▶ _Work instructions_
After locating the line with "Einer der Gründe, warum" in the data that follows, return it and every later line exactly, up to and including the line with "LOS WEBQUEST REFLEXIONES".

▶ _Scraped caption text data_
--- START ---

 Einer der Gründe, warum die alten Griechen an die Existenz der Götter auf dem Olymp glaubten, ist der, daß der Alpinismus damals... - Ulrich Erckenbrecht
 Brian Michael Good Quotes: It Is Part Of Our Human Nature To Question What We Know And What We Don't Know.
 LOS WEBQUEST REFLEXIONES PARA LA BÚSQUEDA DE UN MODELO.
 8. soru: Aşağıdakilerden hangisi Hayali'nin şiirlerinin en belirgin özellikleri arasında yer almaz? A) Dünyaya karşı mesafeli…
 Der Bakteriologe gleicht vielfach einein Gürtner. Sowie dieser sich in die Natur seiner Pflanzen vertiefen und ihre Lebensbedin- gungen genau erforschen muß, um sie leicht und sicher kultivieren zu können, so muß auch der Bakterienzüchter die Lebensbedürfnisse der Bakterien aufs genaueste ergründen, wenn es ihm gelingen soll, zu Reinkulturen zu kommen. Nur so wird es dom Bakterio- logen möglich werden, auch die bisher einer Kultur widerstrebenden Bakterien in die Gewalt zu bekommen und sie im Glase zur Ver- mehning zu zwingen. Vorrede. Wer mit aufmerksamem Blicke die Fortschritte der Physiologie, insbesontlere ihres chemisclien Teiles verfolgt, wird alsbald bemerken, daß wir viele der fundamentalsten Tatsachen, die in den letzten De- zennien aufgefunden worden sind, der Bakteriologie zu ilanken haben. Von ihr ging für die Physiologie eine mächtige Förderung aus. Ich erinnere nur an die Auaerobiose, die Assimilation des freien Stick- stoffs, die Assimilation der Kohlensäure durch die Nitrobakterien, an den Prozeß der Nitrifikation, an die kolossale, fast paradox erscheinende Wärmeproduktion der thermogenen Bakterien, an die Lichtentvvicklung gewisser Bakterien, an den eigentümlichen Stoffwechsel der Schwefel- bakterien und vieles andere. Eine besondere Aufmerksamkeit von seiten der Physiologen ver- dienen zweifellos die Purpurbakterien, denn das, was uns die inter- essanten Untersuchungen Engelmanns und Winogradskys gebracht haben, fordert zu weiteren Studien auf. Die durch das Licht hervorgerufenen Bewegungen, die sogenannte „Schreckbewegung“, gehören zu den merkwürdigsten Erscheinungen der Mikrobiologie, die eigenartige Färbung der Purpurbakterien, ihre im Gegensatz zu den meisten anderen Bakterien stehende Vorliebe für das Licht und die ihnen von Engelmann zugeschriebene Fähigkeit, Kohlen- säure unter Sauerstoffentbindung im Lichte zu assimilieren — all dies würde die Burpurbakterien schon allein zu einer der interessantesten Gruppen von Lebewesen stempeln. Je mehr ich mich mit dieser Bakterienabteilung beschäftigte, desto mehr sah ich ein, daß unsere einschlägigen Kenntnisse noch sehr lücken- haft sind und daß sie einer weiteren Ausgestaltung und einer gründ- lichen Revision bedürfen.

--- END ---
--- START ---

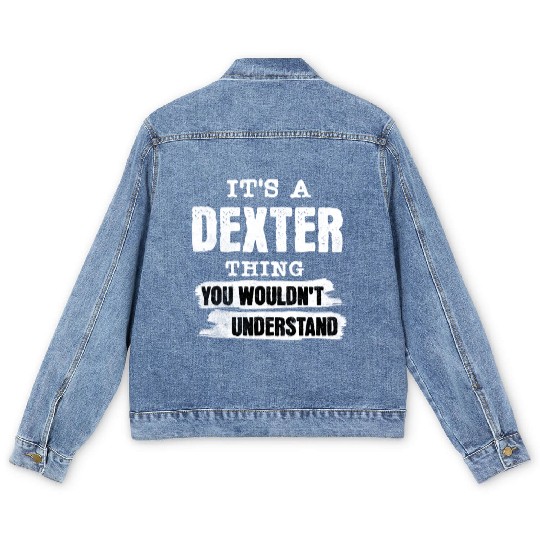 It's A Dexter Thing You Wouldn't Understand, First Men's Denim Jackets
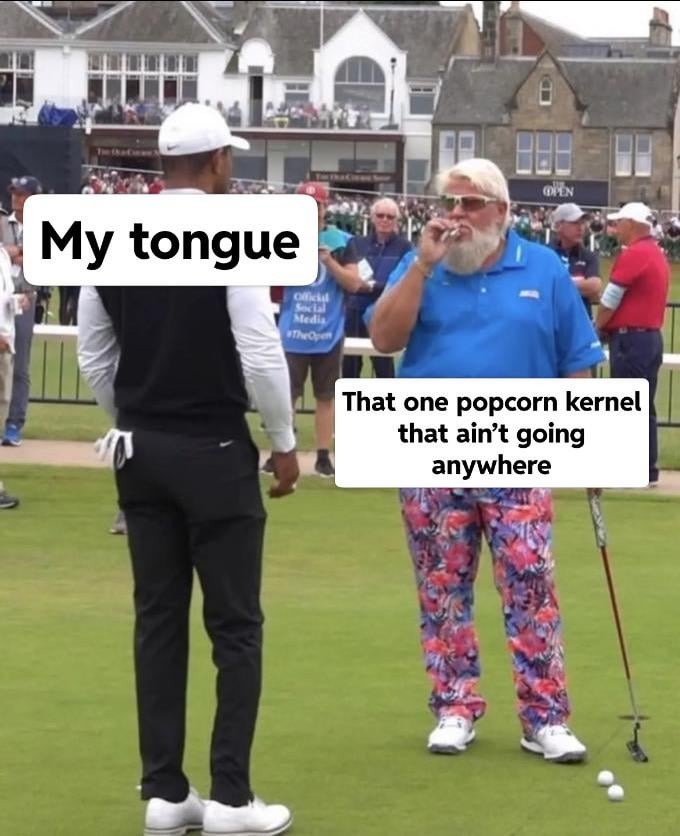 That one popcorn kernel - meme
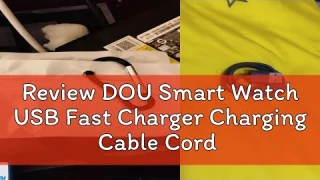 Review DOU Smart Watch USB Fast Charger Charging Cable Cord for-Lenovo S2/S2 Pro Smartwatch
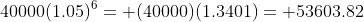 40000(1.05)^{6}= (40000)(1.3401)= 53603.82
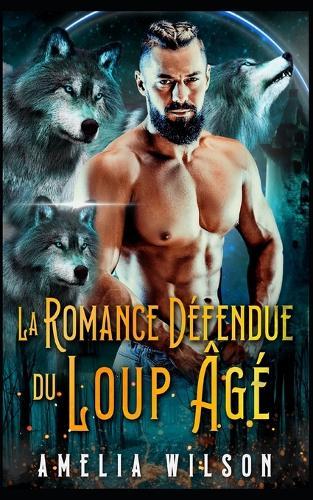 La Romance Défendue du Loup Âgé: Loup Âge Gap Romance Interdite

--- END ---

▶ _Response area_
 Einer der Gründe, warum die alten Griechen an die Existenz der Götter auf dem Olymp glaubten, ist der, daß der Alpinismus damals... - Ulrich Erckenbrecht
 Brian Michael Good Quotes: It Is Part Of Our Human Nature To Question What We Know And What We Don't Know.
 LOS WEBQUEST REFLEXIONES PARA LA BÚSQUEDA DE UN MODELO.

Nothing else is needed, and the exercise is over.